I’m sure everyone’s tried falafel before given how popular it is worldwide (we even had it in Mexico!), so I’ll just leave you all with a recipe from Tyler Florence on the Food Network:
- 2 cups dried chickpeas, picked through and rinsed
- 1 teaspoon baking powder
- 1 small onion, coarsely chopped
- 6 garlic cloves, smashed
- 1 tablespoon cumin seeds, toasted and ground
- 1 tablespoon coriander seeds, toasted and ground
- 1/4 teaspoon red pepper flakes
- 2 handfuls fresh flat-leaf parsley, leaves coarsely chopped
- 1 handful fresh cilantro, leaves coarsely chopped
- Kosher salt and freshly ground black pepper
- Vegetable oil, for frying
- 8 warm pita bread, store bought or homemade recipe follows
- Tahini Sauce, recipe follows
- Shredded lettuce, sliced tomatoes, chopped cucumbers
Put the dried chickpeas in a large bowl and add cool water to cover by 2 inches.
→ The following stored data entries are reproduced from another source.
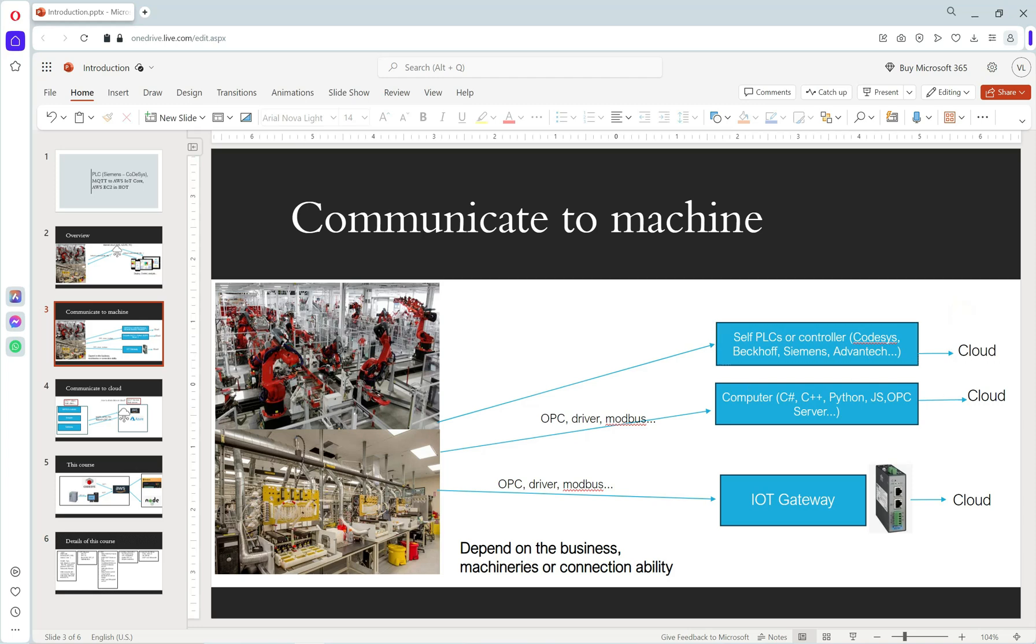The second way, I add a computer in the middle. In this computer, we build our application in C#, C++, Python, etc. This application will communicate with our process and send data to cloud.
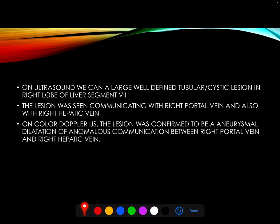On ultrasound, there was a large well-defined tubular cystic lesion in the right lobe of liver. The lesion was communicating with the right portal vein and also with the right hepatic vein. On color doppler examination, the lesion was confirmed to be an aneurysmal dilatation of anomalous communication between the right portal vein and the right hepatic vein.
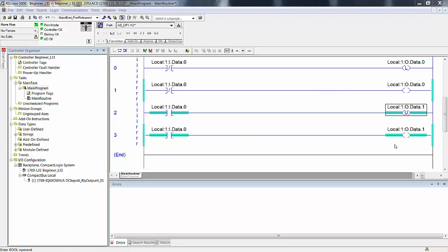How many rungs appear to have influence over the memory location local 1 output data 0? You might say two appear to have influence. How many actually do? Only one — the one that's actually running with lowercase r's. The i's in front of rung 0 indicate it is untested and ready to be inserted in place of rung 1. The r's in front of rung 1 indicate it is running.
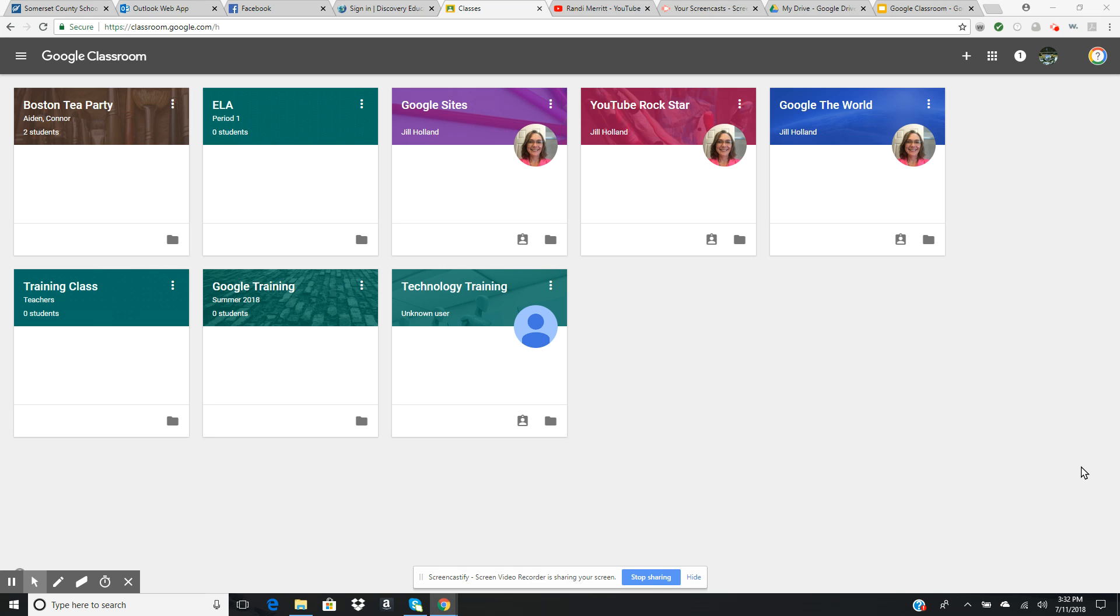So far we have learned how to create a Google Classroom, how to create classes, and how to invite students into our Google Classroom.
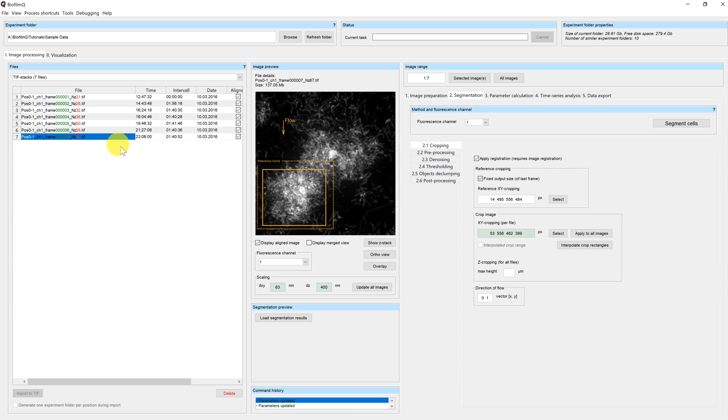There is also an option to apply set cropping. This is very useful if your biofilms were smaller in height than you expected and you therefore image too high into the set direction. In such a case, you can easily crop your images by entering the maximal height in micrometers.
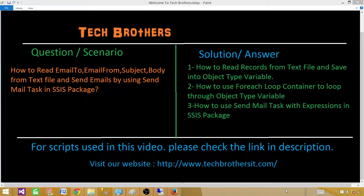Welcome to Tech Brothers with Amir. Today we are going to learn how to read information such as email to, email from, subject, and body from a text file, and send emails by using the Send Mail task in an SSIS package.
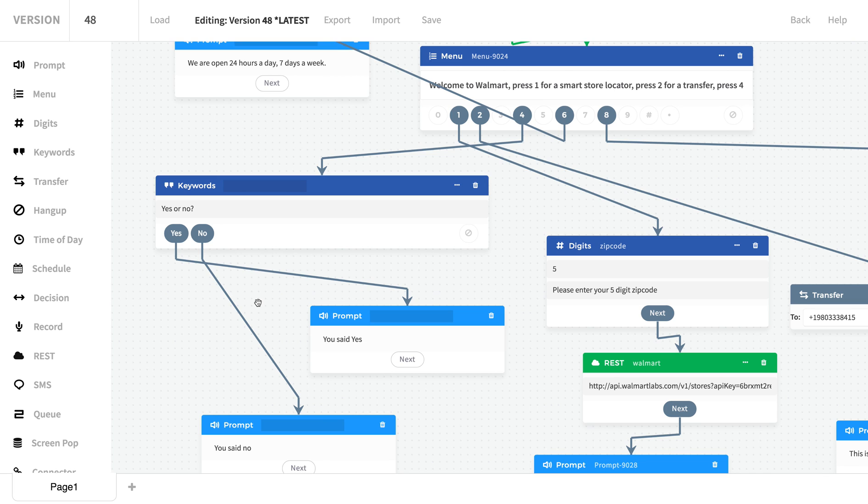Welcome to Walmart. Press 1 for a smart store locator. Press 2 for a transfer. Press 4 for speed track. Press 6 to hear our hours. Press 8 for yes or no. Okay. You said yes. As you can see there, that was pretty easy.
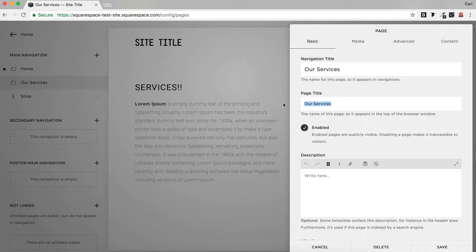So say you own a building and you provide virtual offices for companies in Liverpool. A good page title for this would be something like 'Virtual Offices Liverpool'.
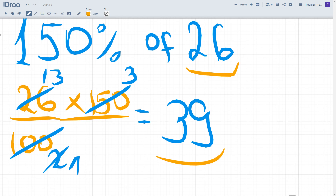Thanks for watching. Continue practicing applying percentages — try to find different amounts of percent of different numbers, values, and quantities. Try to convert them and ask your questions if you need help. Goodbye!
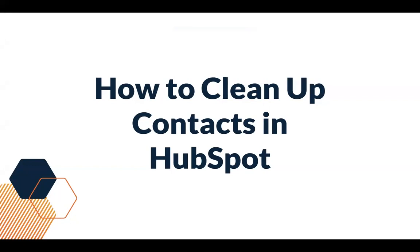That is how you keep your contacts clean in HubSpot, by properly importing contacts, cleaning up your duplicates, and setting contacts as non-marketing. I hope you learned something new, and don't forget to subscribe so you don't miss out on our next tech tip.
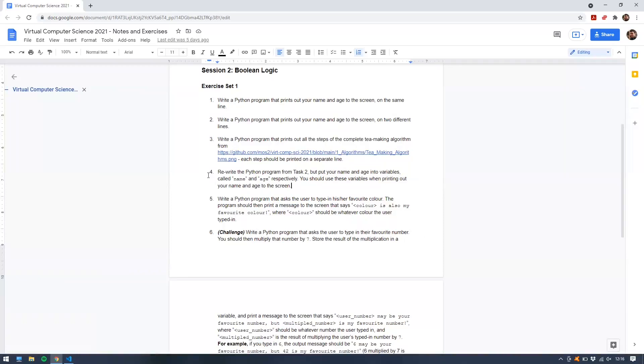The next exercise, number four, rewrites the Python program from task two, but put your name and age into variables called name and age, respectively. You should use these variables when printing out your name and age to the screen.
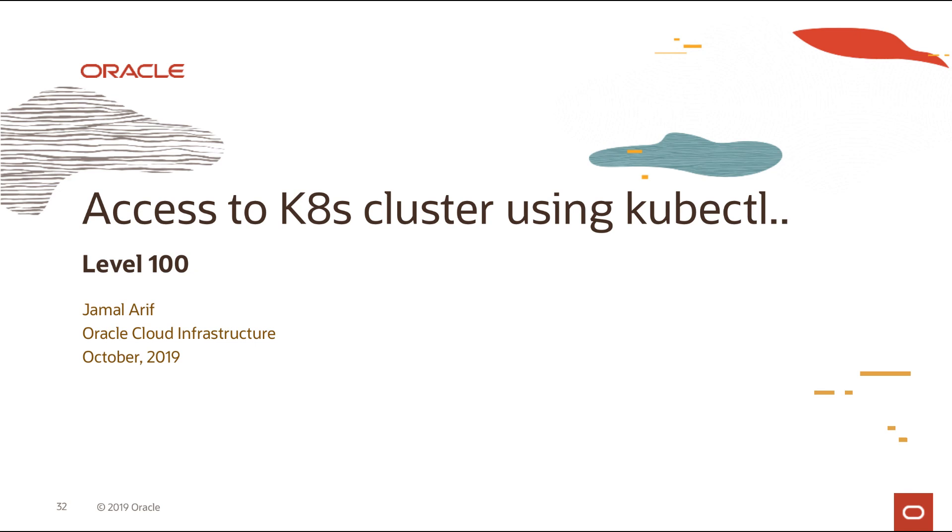Hello, everyone. Thank you for joining again. I'm Shemal Arif, part of the Oracle Cloud Infrastructure team. So to continue on our Kubernetes series, in this video, we're just going to see how do you use kubectl to access the cluster and how do you use the Kubernetes dashboard?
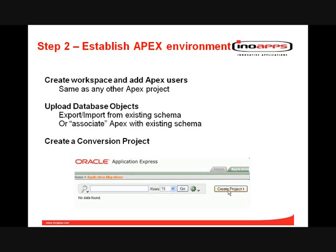However, it is feasible to actually do that. So once you've got your workspace in, you create a specific project — a conversion project of the type Forms to APEX migration. There's an option within the menus to do that, and at that point APEX will go along in the background and create all of the environmental setup that is required.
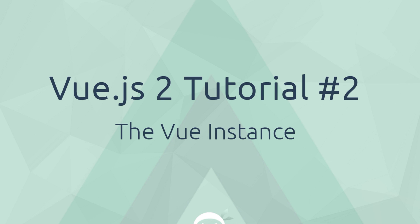Hey gang, welcome to your second Vue.js tutorial and in this video we're going to talk about the Vue instance.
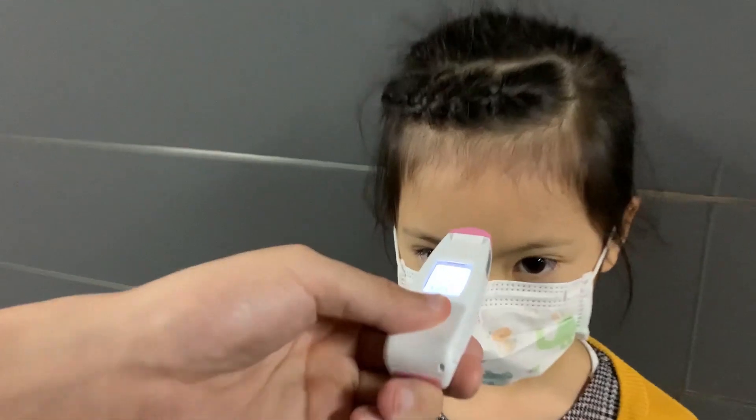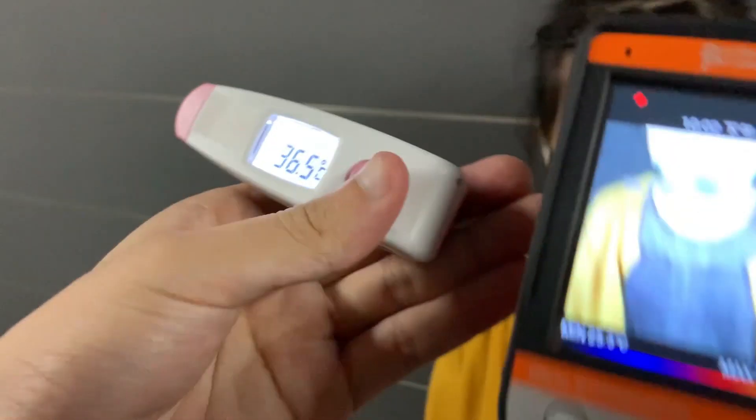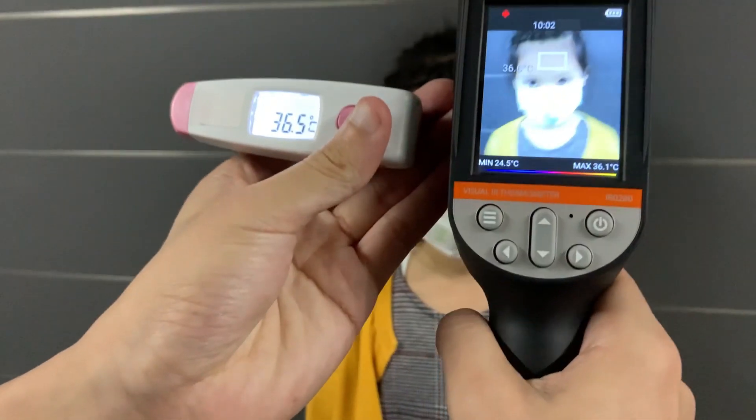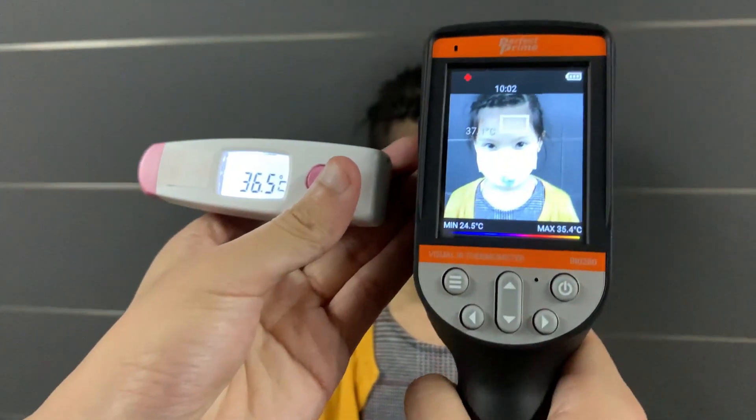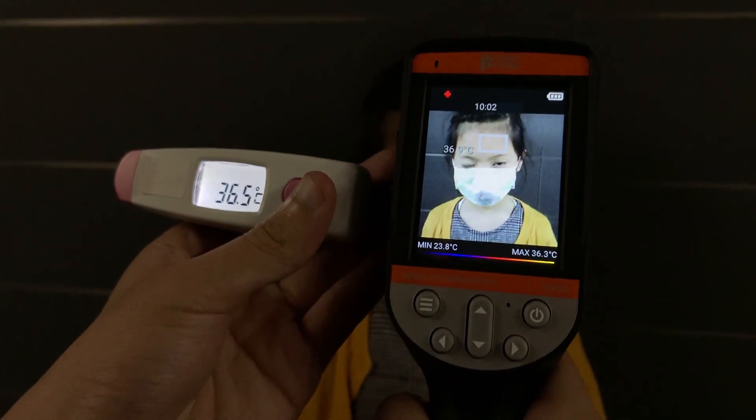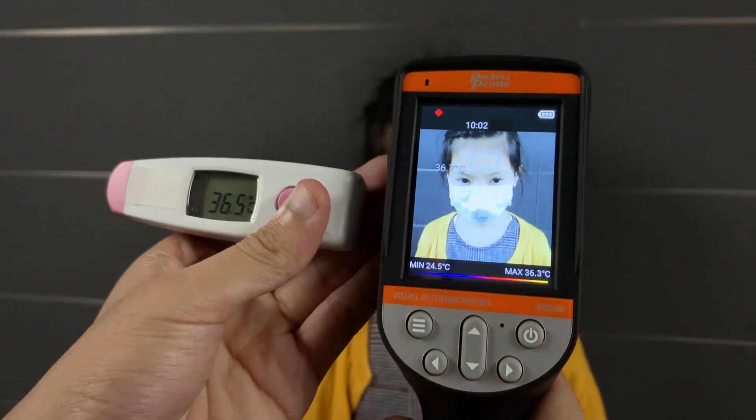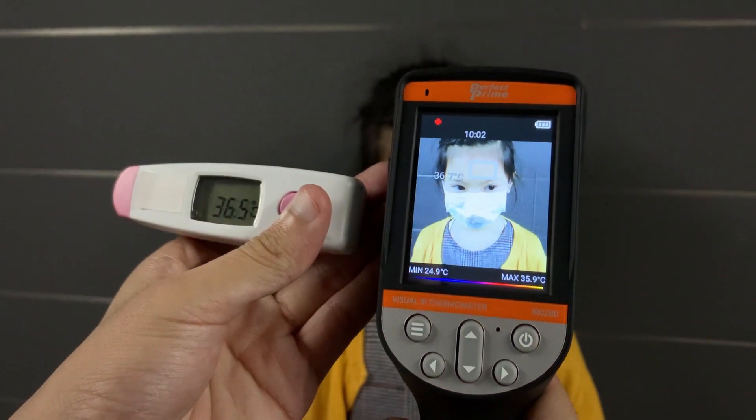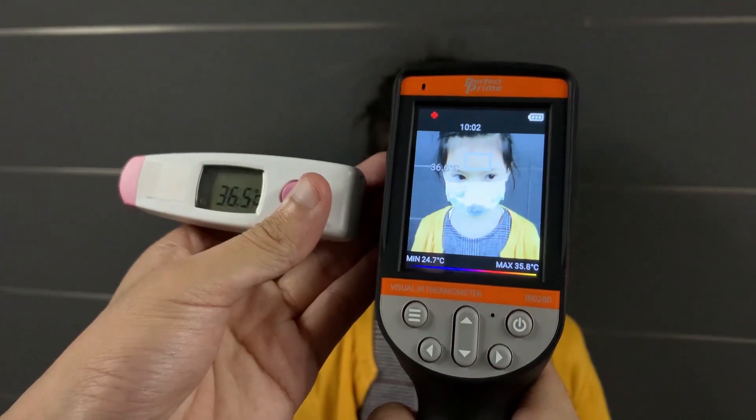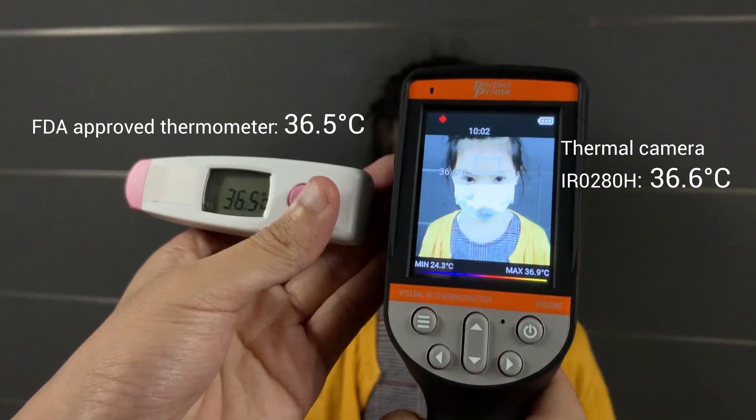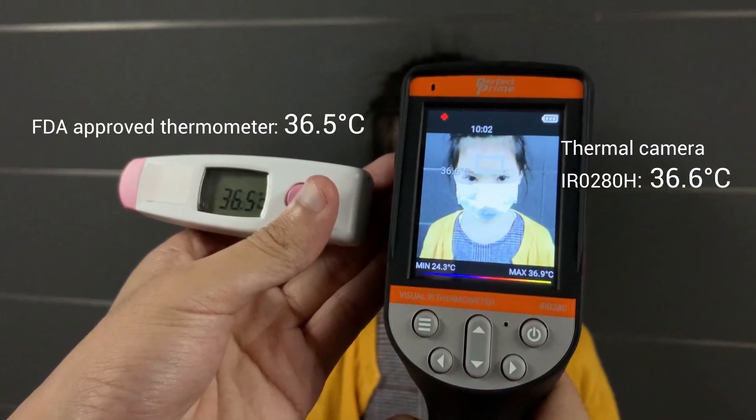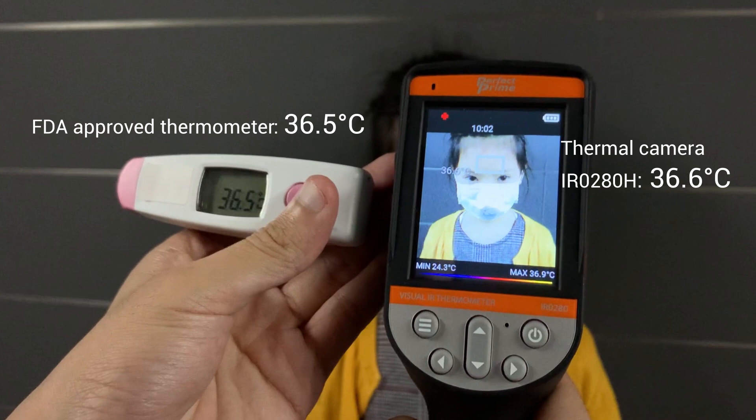Most thermal cameras have an accuracy rate of 2 degrees Celsius or 2%. This can leave room for error. The IR0280H has an accuracy rate of 0.3 degrees Celsius. And when compared to an FDA approved laser thermometer, you can see the results are quite close.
Soak the beans in the refrigerator for at least 18 hours or up to 24; the chickpeas will swell to triple their original size. Drain and rinse thoroughly.
Put the soaked chickpeas in a food processor and pulse to coarsely grind, not until smooth but with no whole chickpeas remaining either. Add the baking powder, onion, garlic, spices, and herbs; process until the mixture is pureed; scraping down the sides of the bowl as needed. Taste and season with salt and pepper. Transfer to a bowl and refrigerate while heating the oil, this should take about 15 minutes.
Pour 3-inches of the oil in a deep fryer or deep heavy pot and heat to 375 degrees F.
Roll the falafel mixture into ping-pong size balls. (Alternatively, use an ice cream scoop.) Carefully slip a few at a time into the hot oil, making sure they don’t stick to the bottom. Fry until the chickpea fritters are a crusty dark brown on all sides, turning as needed, about 5 minutes per batch. Remove the falafels with a slotted spoon and drain on a platter lined with paper towels.
Open the pita bread halves to make pockets (don’t split all the way) and put 4 fried falafels into each. Drizzle with the tahini sauce and layer with lettuce, tomatoes, and cucumbers. Serve immediately.